Encyclopedia

Henry David Thoreau was an American naturalist, a lecturer, and an abolitionist. Thoreau was the author of perhaps the most radical and influential essay in the history of American political philosophy, “Civil Disobedience.” This series of reflections on a night Thoreau spent in the Concord, Massachusetts, jail for tax resistance proclaimed “that government is best which governs not at all” and urged its readers to “withdraw their support, both in person and property” from governments that make and enforce unjust laws. The essay had a profound impact on two of the 20th century’s greatest political activists—Mohandas K. Gandhi and Martin Luther King, Jr.

Thoreau’s tax resistance, which led to his being jailed in Concord in 1846, was occasioned by his opposition to slavery. Thoreau was an abolitionist, as was his father, and there is some evidence that both the Thoreau family home in Concord and Henry’s famous cottage on Walden Pond, a short distance outside the village, were stops on the Underground Railroad that carried escaped slaves to freedom. A lifelong resident of Concord, Thoreau and his antislavery views were well known to his neighbors and were not regarded as either shocking or scandalous.

Thoreau, in contrast, was both shocked and scandalized when he visited the village from Walden one day in 1846 and found his neighbors enthusiastically preparing for the newly declared Mexican War. Thoreau regarded this war as nothing but an ignoble effort on the part of proslavery forces in Congress to build up their voting strength by annexing Texas. When asked for payment of his annual poll tax—much needed this year, he was told, because of the war effort—he refused. The constable, a longtime friend, told Thoreau he had no interest in locking him up and would pay the tax for him if Thoreau could not raise the necessary funds. Again Thoreau refused, and this time he was jailed.
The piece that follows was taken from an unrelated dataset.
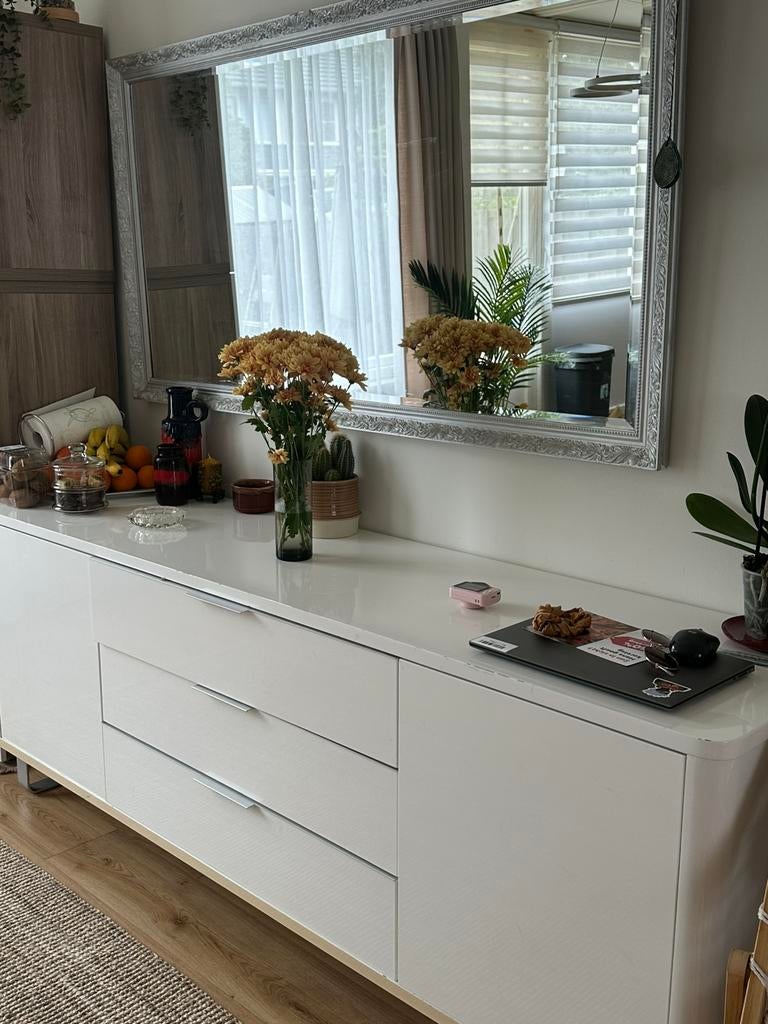 Dressoir met spiegel, Ophalen of Verzenden, Zo goed als nieuw, 25 tot 50 cm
Within 24 hours, his tax had been paid against his will by members of his family, so he spent only one night in prison. That one night was sufficient time, however, for him to gather his thoughts on the proper relationship of the individual to the state.

Two years later, he committed these thoughts to paper for a lecture he called “The Rights and Duties of the Individual in Relation to Government,” which was subsequently published as “Resistance to Civil Government” (1849) and finally as “Civil Disobedience” (1866), the title under which we know it today. Thoreau begins his famous essay by inquiring into the nature and justification of the state.
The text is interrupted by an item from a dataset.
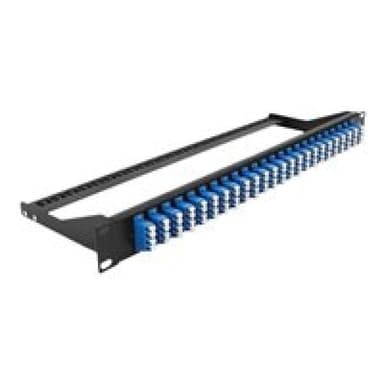 DELOCK 19? LWL Patchpanel 24 Port LC Quad blau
I heartily accept the motto,—“That government is best which governs least”; and I should like to see it acted up to more rapidly and systematically. Carried out, it finally amounts to this, which I also believe,—“That government is best which governs not at all”; and when men are prepared for it, that will be the kind of government which they will have.
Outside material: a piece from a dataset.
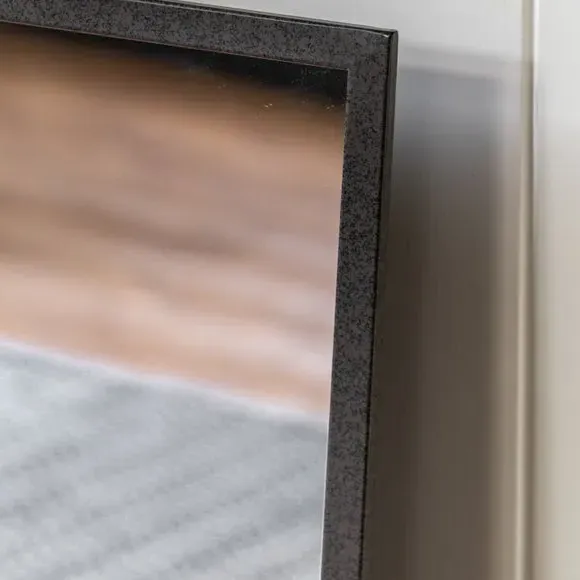 Bridling Window Square Wall Mirror - Black, Metal alternate view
In the interim, Thoreau argued, until such time as we are fully prepared for a government that “governs not at all,” we should live peaceably with the state—unless and until it adopts policies that require us to participate in or assist with the perpetration of injustice. At that point, Thoreau asserts, it is incumbent on every moral person to refuse cooperation with the state. So, in light of the persistence of slavery and the waging of the Mexican War, “[h]ow does it become a man to behave toward this American government today? I answer that he cannot without disgrace be associated with it.” As for Thoreau, not only did he refuse to pay his taxes; not only did he write that “I cannot for an instant recognize that political organization as my government which is the slave’s government also”; in addition, he recorded in his journal that “[m]y thoughts are murder to the State; I endeavor in vain to observe nature; my thoughts involuntarily go plotting against the State. I trust that all just men will conspire.”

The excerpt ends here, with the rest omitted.